- _Instructions for the task_
Output exactly the lines of the listing below that run from the line with "PLANCHA A VAPOR VERTICAL 2025" through the line with "Hongqi H5 PHEV". No pictures.

- _Data to examine_
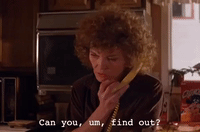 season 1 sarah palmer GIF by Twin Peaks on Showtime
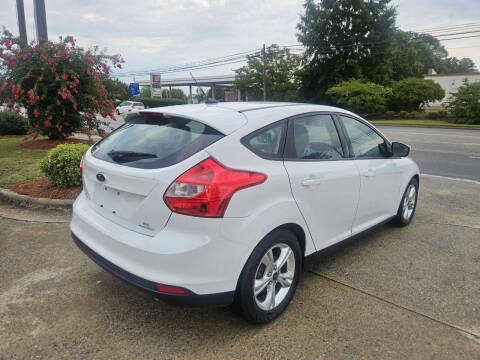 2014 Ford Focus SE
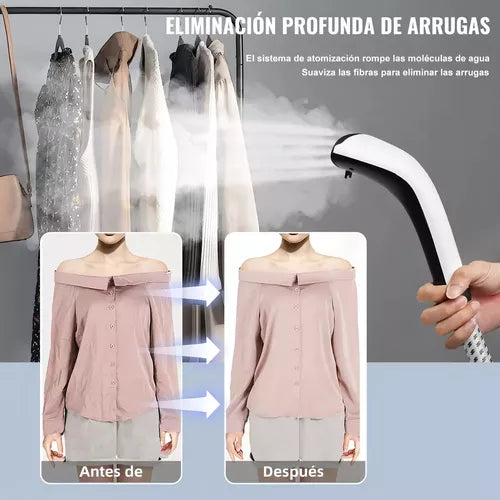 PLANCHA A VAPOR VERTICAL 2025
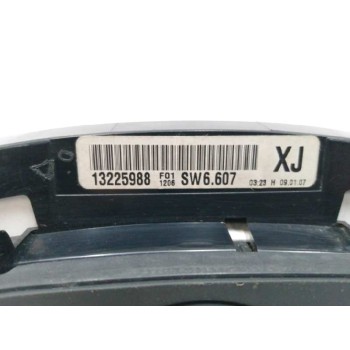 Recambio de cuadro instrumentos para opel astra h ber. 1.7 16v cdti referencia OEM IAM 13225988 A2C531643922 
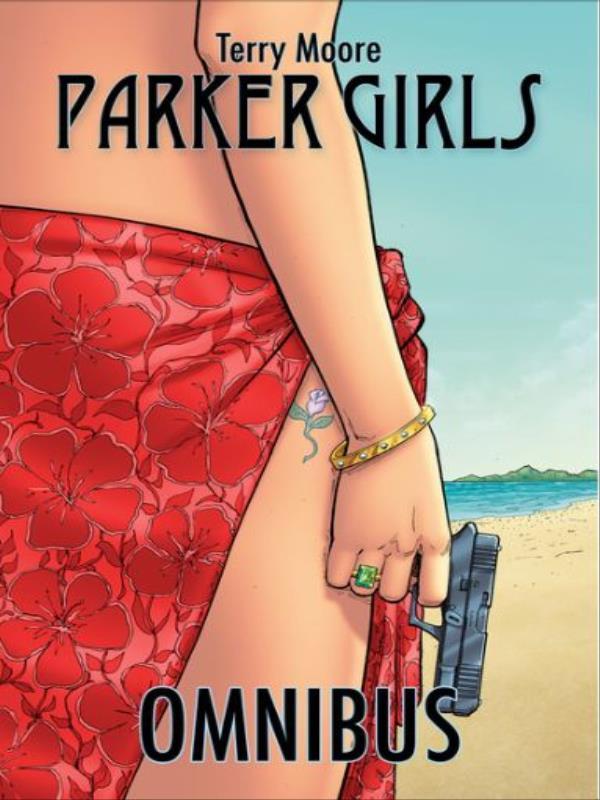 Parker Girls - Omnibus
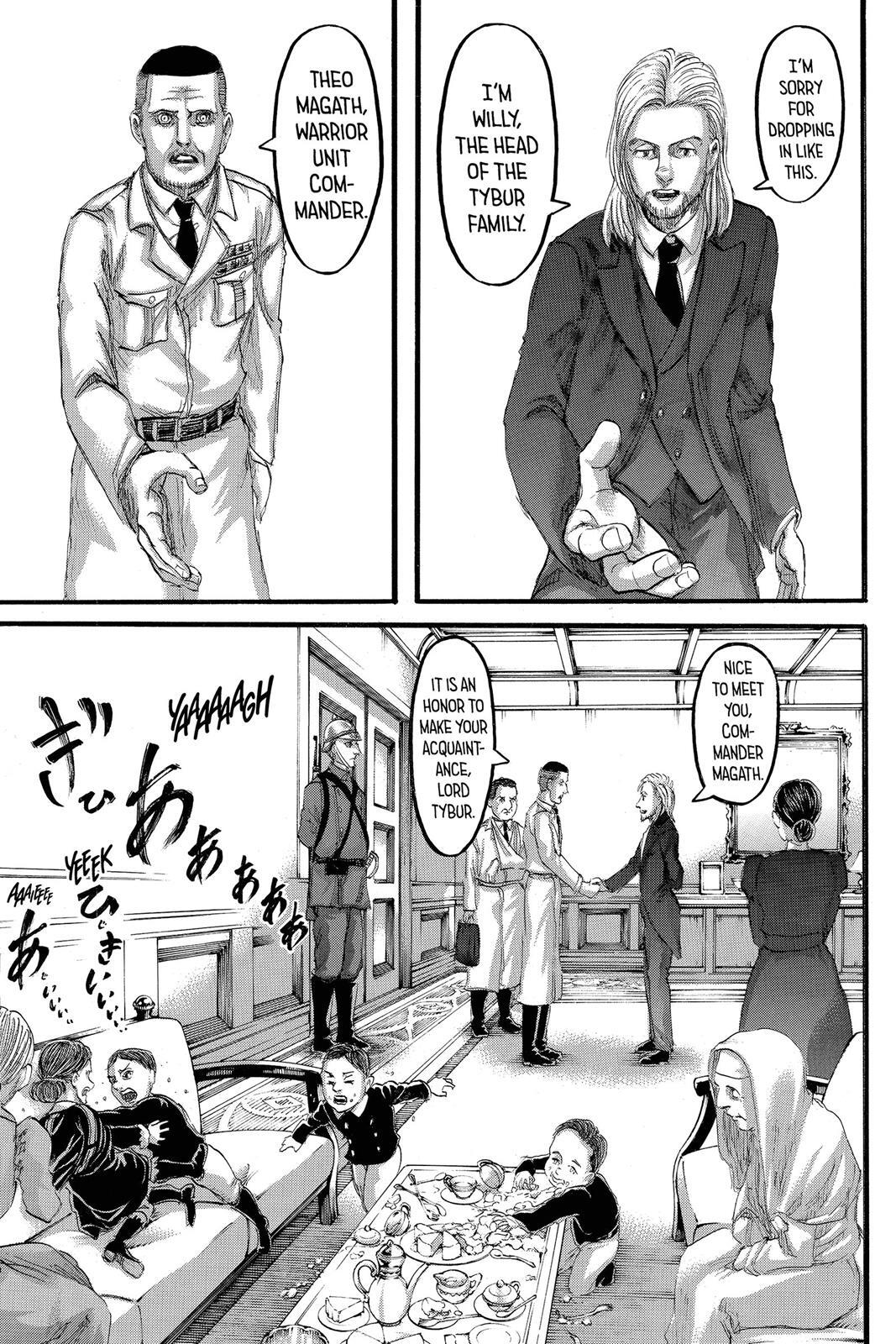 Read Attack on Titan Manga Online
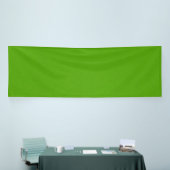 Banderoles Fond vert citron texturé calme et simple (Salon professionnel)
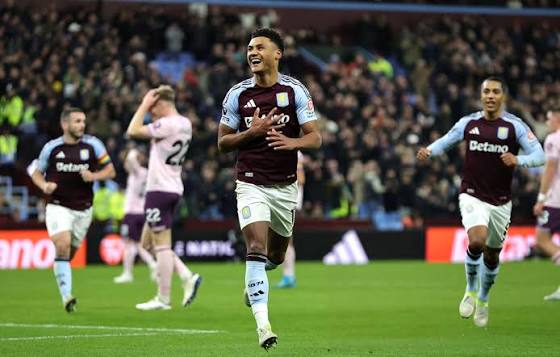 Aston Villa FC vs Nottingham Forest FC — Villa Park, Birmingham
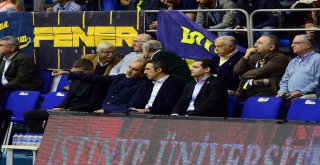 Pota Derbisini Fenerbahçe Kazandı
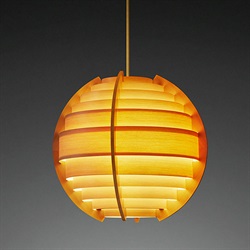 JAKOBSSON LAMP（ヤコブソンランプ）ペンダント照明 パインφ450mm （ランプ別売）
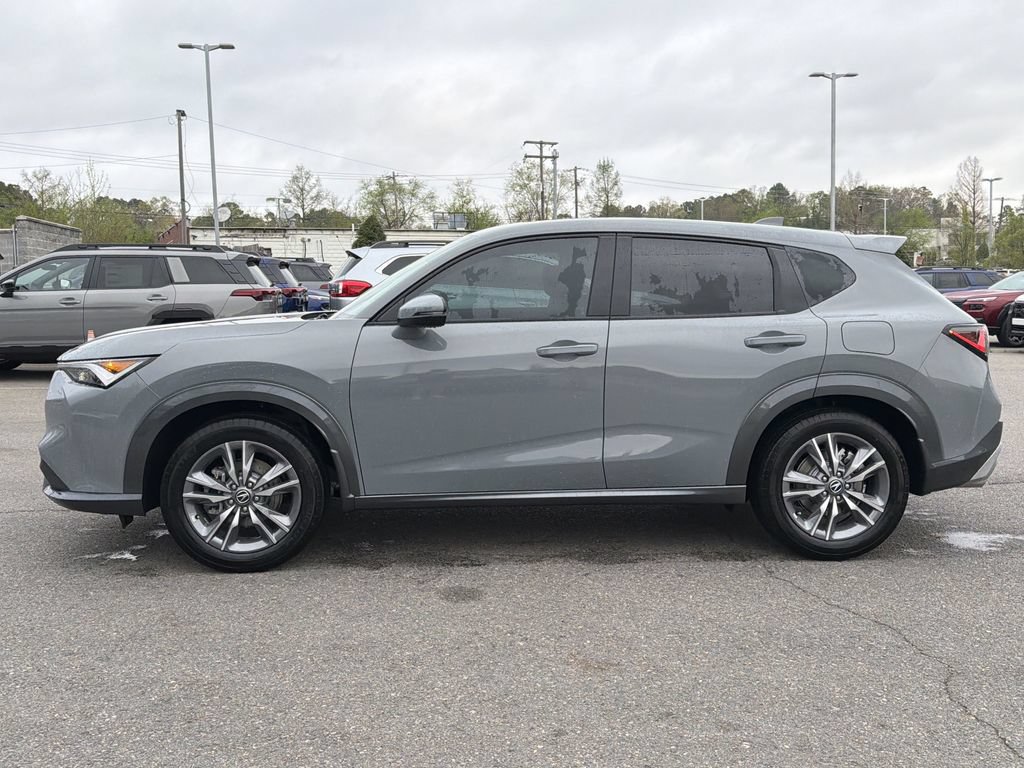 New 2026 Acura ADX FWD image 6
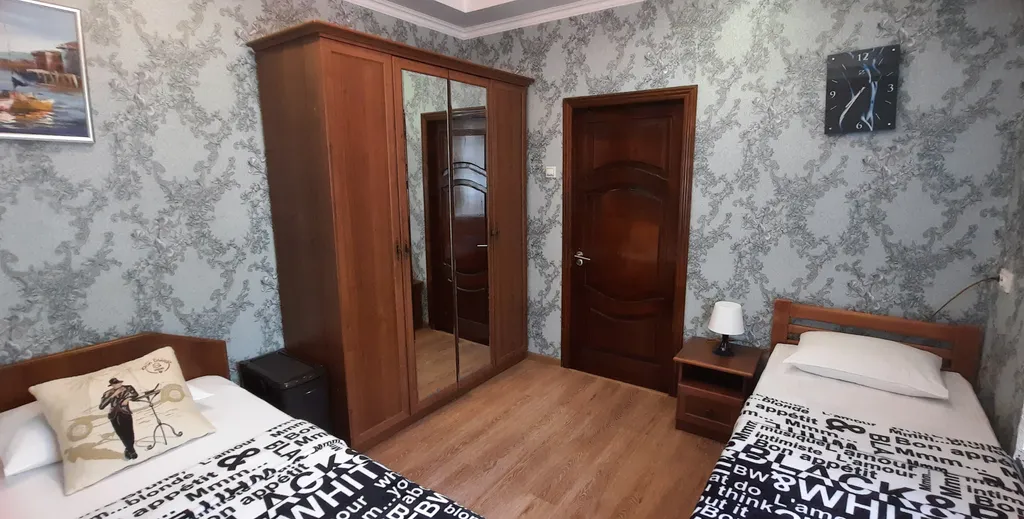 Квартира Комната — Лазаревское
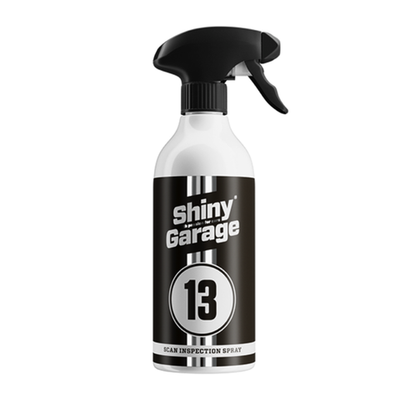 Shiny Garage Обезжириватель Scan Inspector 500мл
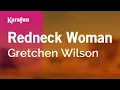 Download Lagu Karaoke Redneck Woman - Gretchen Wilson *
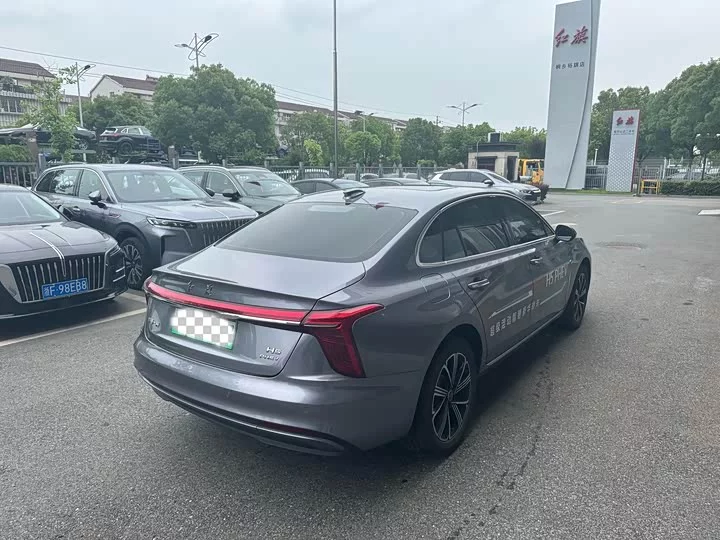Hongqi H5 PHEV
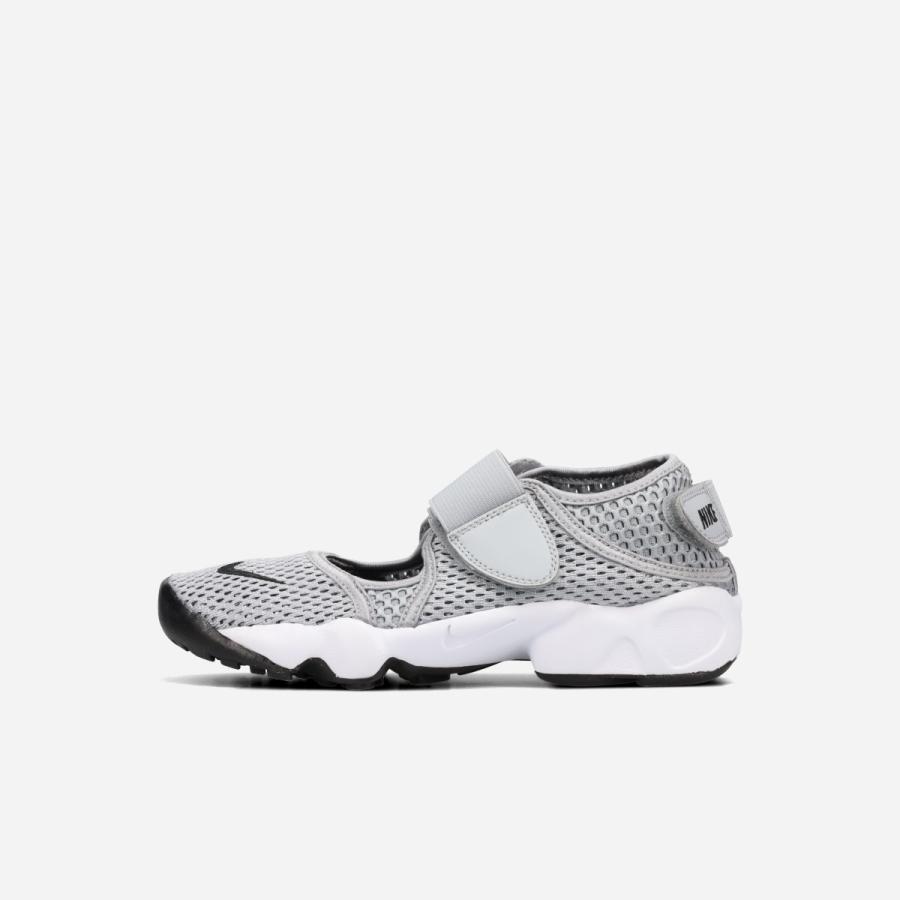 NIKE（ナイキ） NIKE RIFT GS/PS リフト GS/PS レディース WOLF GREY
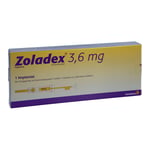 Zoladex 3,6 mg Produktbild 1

- _Your response_
 PLANCHA A VAPOR VERTICAL 2025
 Recambio de cuadro instrumentos para opel astra h ber. 1.7 16v cdti referencia OEM IAM 13225988 A2C531643922 
 Parker Girls - Omnibus
 Read Attack on Titan Manga Online
 Banderoles Fond vert citron texturé calme et simple (Salon professionnel)
 Aston Villa FC vs Nottingham Forest FC — Villa Park, Birmingham
 Pota Derbisini Fenerbahçe Kazandı
 JAKOBSSON LAMP（ヤコブソンランプ）ペンダント照明 パインφ450mm （ランプ別売）
 New 2026 Acura ADX FWD image 6
 Квартира Комната — Лазаревское
 Shiny Garage Обезжириватель Scan Inspector 500мл
 Download Lagu Karaoke Redneck Woman - Gretchen Wilson *
Hongqi H5 PHEV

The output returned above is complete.